Autograph#

We currently use Autograph to sign our files with a number of our signing formats. Occasionally the autograph team will ask us to test to make sure things are working properly.

Testing Autograph Stage#

We currently use Autograph to sign our files with a number of our signing formats. In CI, we point at autograph-prod, to avoid having autograph-stage changes or availability affect production CI, nightlies, or releases.

However, sometimes the Autograph team needs to make changes to autograph-stage, and want us to verify that it still works for us. Here’s how.

Autograph-stage mar signing test#

There is a tier 3 task that doesn’t run automatically. This task, mar-signing-autograph-stage-linux64-nightly/opt, can be added to a push that has run nightly builds and repackage tasks.

With indexes#

First, go to the latest Firefox desktop index. Click on View Task. Click on Task Group at the top left to go to the taskgroup view.

Make sure you’re signed in, then click on the three dots in the lower right hand corner. Add new jobs. Add mar-signing-autograph-stage-linux64-shippable/opt to the list of tasks in the input so it looks like:

tasks: [mar-signing-autograph-stage-linux64-shippable/opt]
times: 1

Click Add new jobs in the lower left. Once the task finishes, click on the log. You’ll see a line like:

[task 2020-09-08T20:12:48.698Z] Creating task with taskId Z6FmfYVCRpOimAafnoziKQ for mar-signing-autograph-stage-linux64-shippable/opt

In which case, check task Z6FmfYVCRpOimAafnoziKQ for status. Report back to the bug.

With treeherder#

First, go to mozilla-central treeherder.
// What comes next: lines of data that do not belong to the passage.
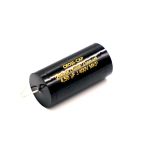 Kondensator Jantzen Audio Cross Cap 4,5 uF 400VDC
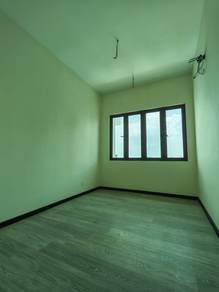Condominium at ICONIC SKIES, Relau, photo 6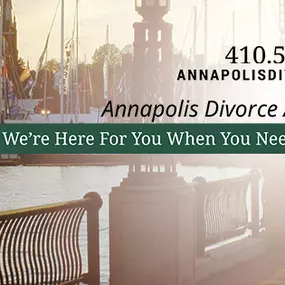 Law Office of Nicholas T. Exarhakis: We're Here for You When You Need Us Most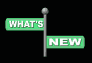 whats_new_mb.gif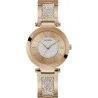 Montre Femme GUESS  W1288L3 - Guess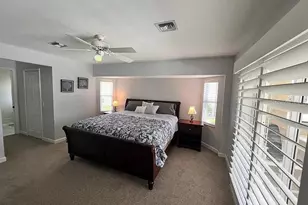 5530 Almar Dr, Punta Gorda, FL 33950 - Photo 11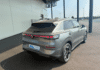 volkswagen-t-roc-1-5-etsi-150ch-r-line-dsg7 - 978214713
Make sure you’re logged in (top right).

Find the push with the most recent finished successful nightly. (It may be easiest to search for nightly).

On this push, click the down-arrow at the top right of the push. Choose Add new jobs. The push will now show all the unscheduled jobs.
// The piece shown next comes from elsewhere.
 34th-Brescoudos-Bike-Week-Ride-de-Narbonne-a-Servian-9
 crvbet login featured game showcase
Find the autograph-stage mar-signing test job. It will be in the Linux x64 opt row, with the ms-stage(N) symbol. Click on it. It should change colors to a dark grey.
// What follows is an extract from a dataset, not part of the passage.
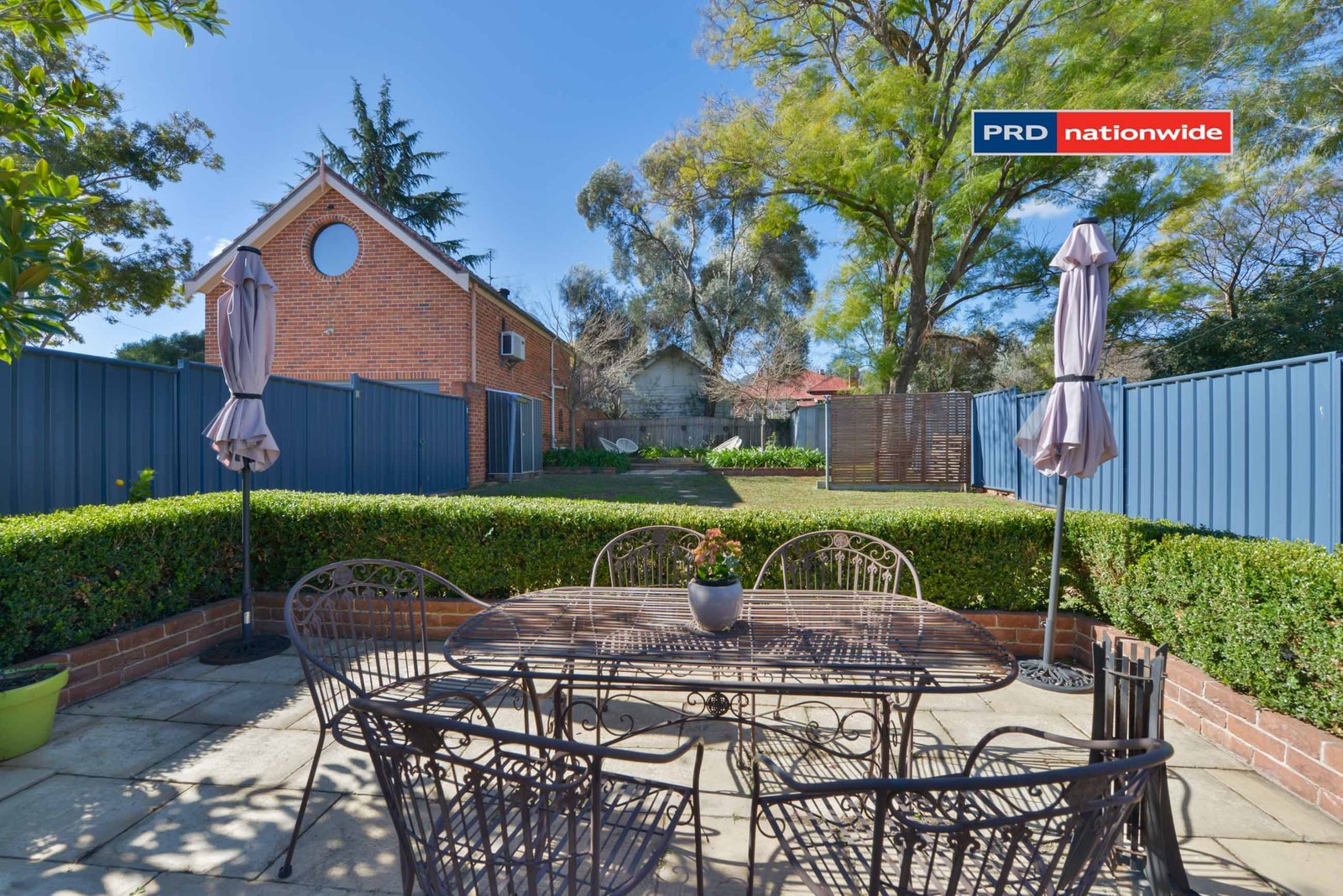 94 Griffin Avenue TAMWORTH 16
Go back up to the top right of the push. Choose Trigger New Jobs. Assuming you’ve selected the right job, and you have the right scopes, it should now create an add-new action task that triggers the autograph-stage mar-signing task.

You can either watch treeherder or the taskcluster task. The task will be in the on-push graph. The treeherder view may require you to enable tier 3 in the Tiers menu at the top right of the page.

Once the mar-signing-autograph-stage-linux64-nightly/opt task goes green, we know that autograph-stage has signed the mar, and signingscript has verified that the signature matches the autograph-stage mar public key. Report back to #autograph on irc that it has passed.

Testing Autograph Prod#

Once we roll out to prod, we want to make sure everything still works.

Autograph-prod mar signing test#

To test autograph-prod mar-signing, find a recent (but ideally not the most-recent) nightly graph. Find a mar-signing task in that graph.

To retrigger it via treeherder:

  • sign in to mozilla-central treeherder (top right of the page)

  • click on the task

  • find the ... menu in the lower left of the page, click on it

  • choose Custom Action

  • choose Retrigger

  • click Trigger in the lower right

(A retrigger here is preferable to a rerun, because it won’t affect chain of trust verification for the rest of the graph.)

Make sure this task runs green. If it goes green, then the task signed the mar file(s) via autograph-prod, and verified the signature matches the public key.